Was that a typo? Do you mean 'will be applied to the thread-locdal 'bottle.response' ? After all, the headers I'm trying to set in the after_request hook is on bottle.response

Yes that was a typo.

By 'applied' I mean that all state from the returned HTTPResponse is copied to the global `bottle.request` instance, overwriting any existing state. This is the desired behavior, as mixing these two would not make much sense.
Are you implying that returning HTTPResponse, and letting the after_request hook set the header via bottle.response will work?

Yes, but as I said, only in the master branch.

The returned HTTPResponse is applied here: https://github.com/bottlepy/bottle/blob/master/bottle.py#L1009

The after_request hook is called two lines after that.

The apply method is defined here: https://github.com/bottlepy/bottle/blob/master/bottle.py#L1953

But that's not what I observe.
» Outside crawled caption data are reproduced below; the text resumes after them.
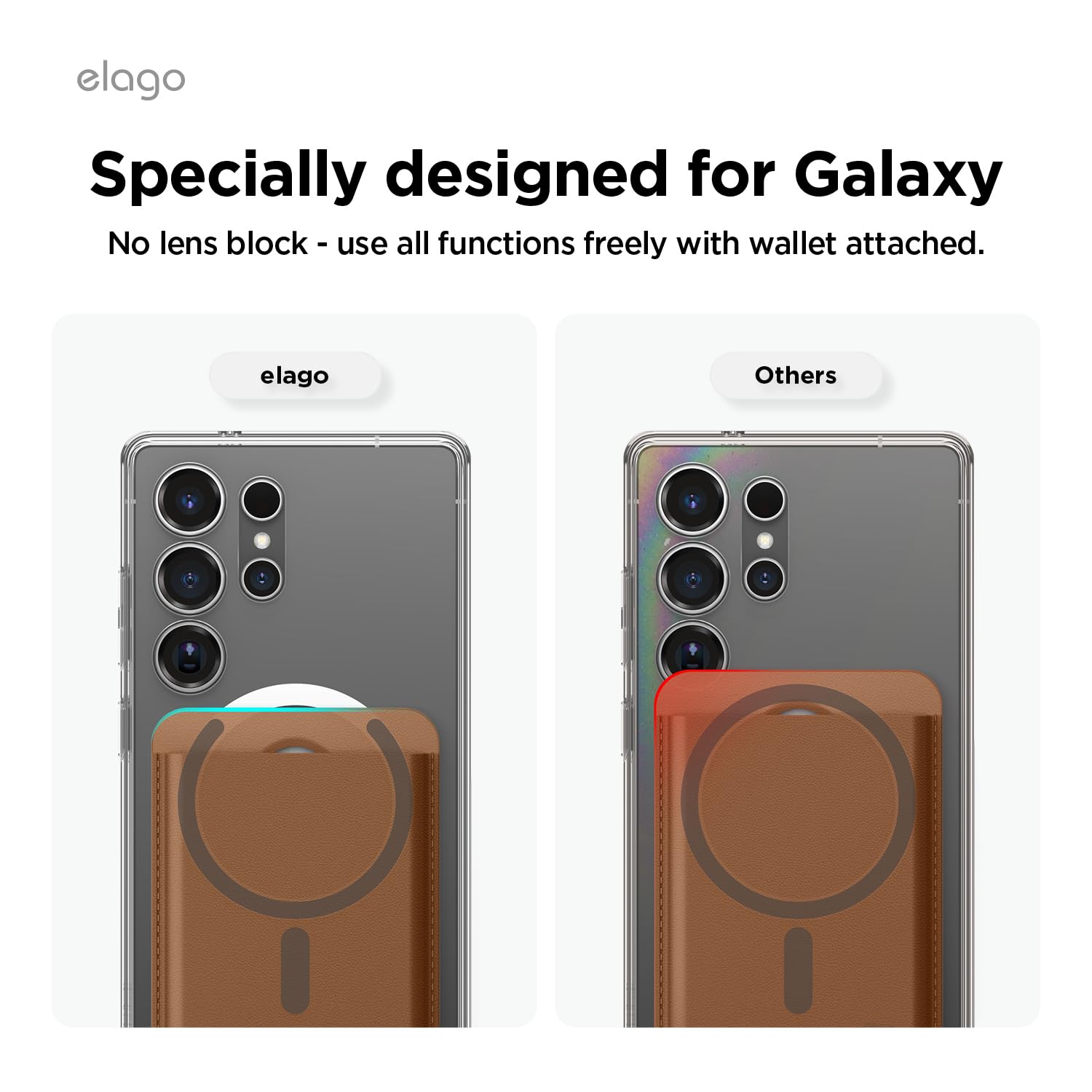 elago Cartera MagSafe para Samsung Galaxy S26, Ultra, Plus, Z Fold 7, Edge, Serie S25/S24 - Compatible con Magnética, Cuero Vegano Resistente, 3 Tarjetas, Tarjetero Seguro para Teléfono (Marrón)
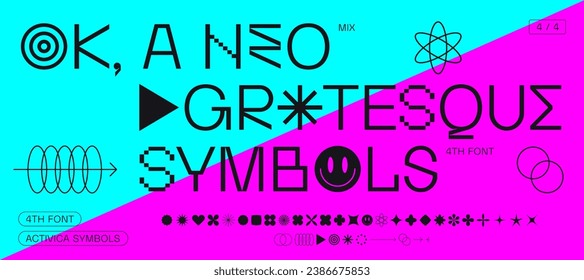 Alfabeto de titular Neo grotesco sans serif alfabeto con elementos gráficos, signo, símbolo, letras alternativas. Clásico nuevo y creativo alfabeto grotesco para el diseño, tipográfico, afiche. Ilustración vectorial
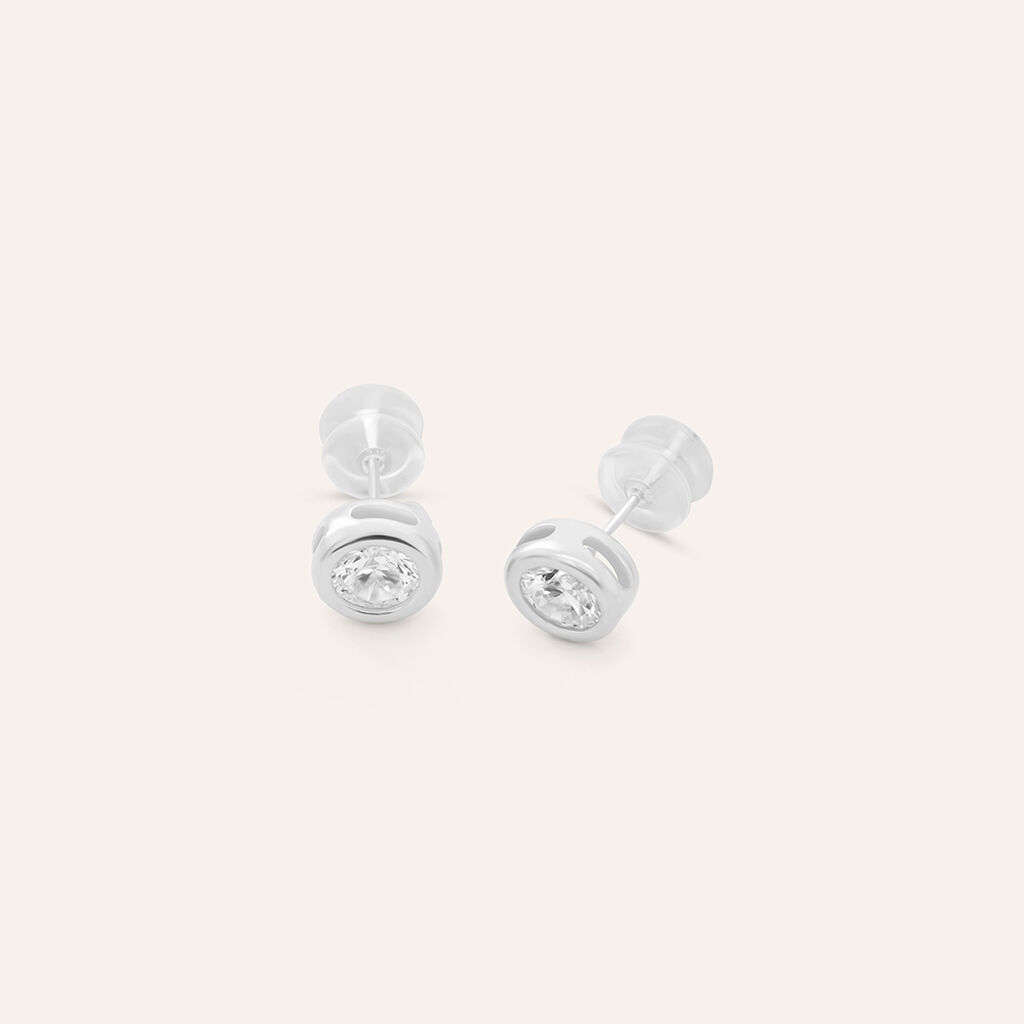 Orecchini Lobo Punto Luce Claire Oro Bianco Cubic Zirconia - Orecchini a Lobo Donna | Stroili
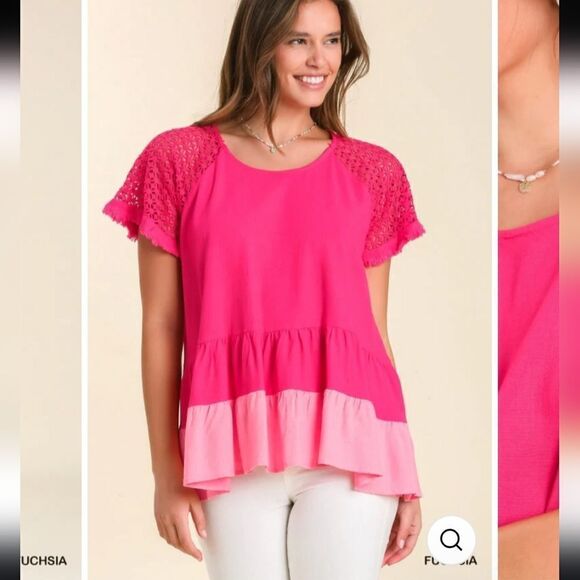 UMGEE Pink Tiered Babydoll Tunic Top with Crochet Sleeves - Picture 2 of 15
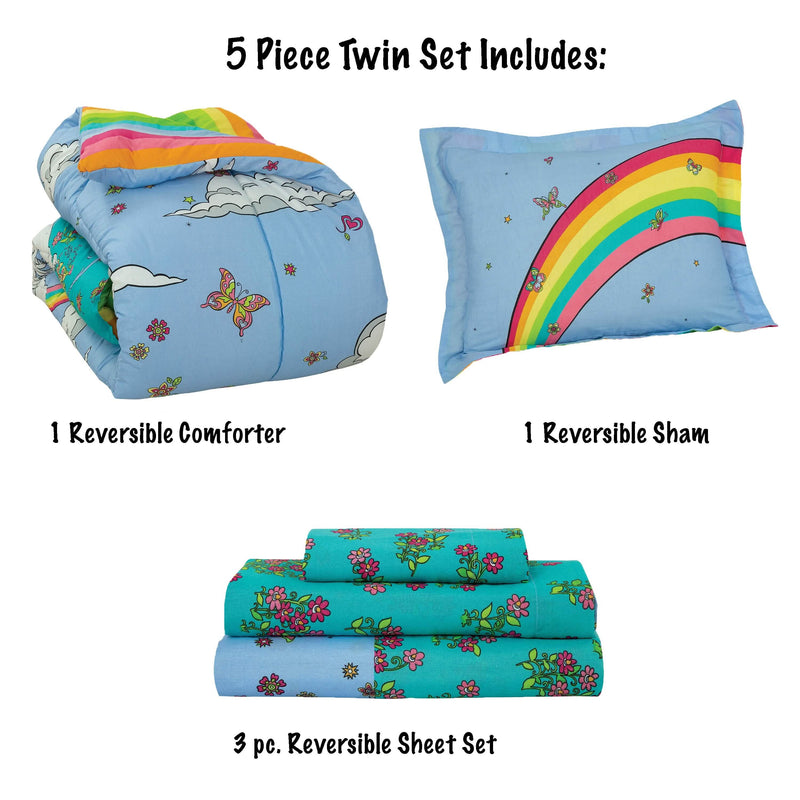 Kidz Mix Rainbow Unicorn Bed in a Bag Bedding - DailySale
What I observe is that: if I set up a breakpoint on where bottle.response is referenced in after_hook, its 'body' attribtue contains '' (default), while my HTTPResponse had a non-empty body set. This implies to me that the HTTPResponse object was not being referenced to in the after_request hook.

I'd assume you are using bottle-0.12 then.

If you agree that the above is expected (the returned HTTPResponse will NOT be the same as what's referenced in bottle.response in the after_request hook), what is your recommended remedy to allow me to successfully set the headers on the response in the after_request hook?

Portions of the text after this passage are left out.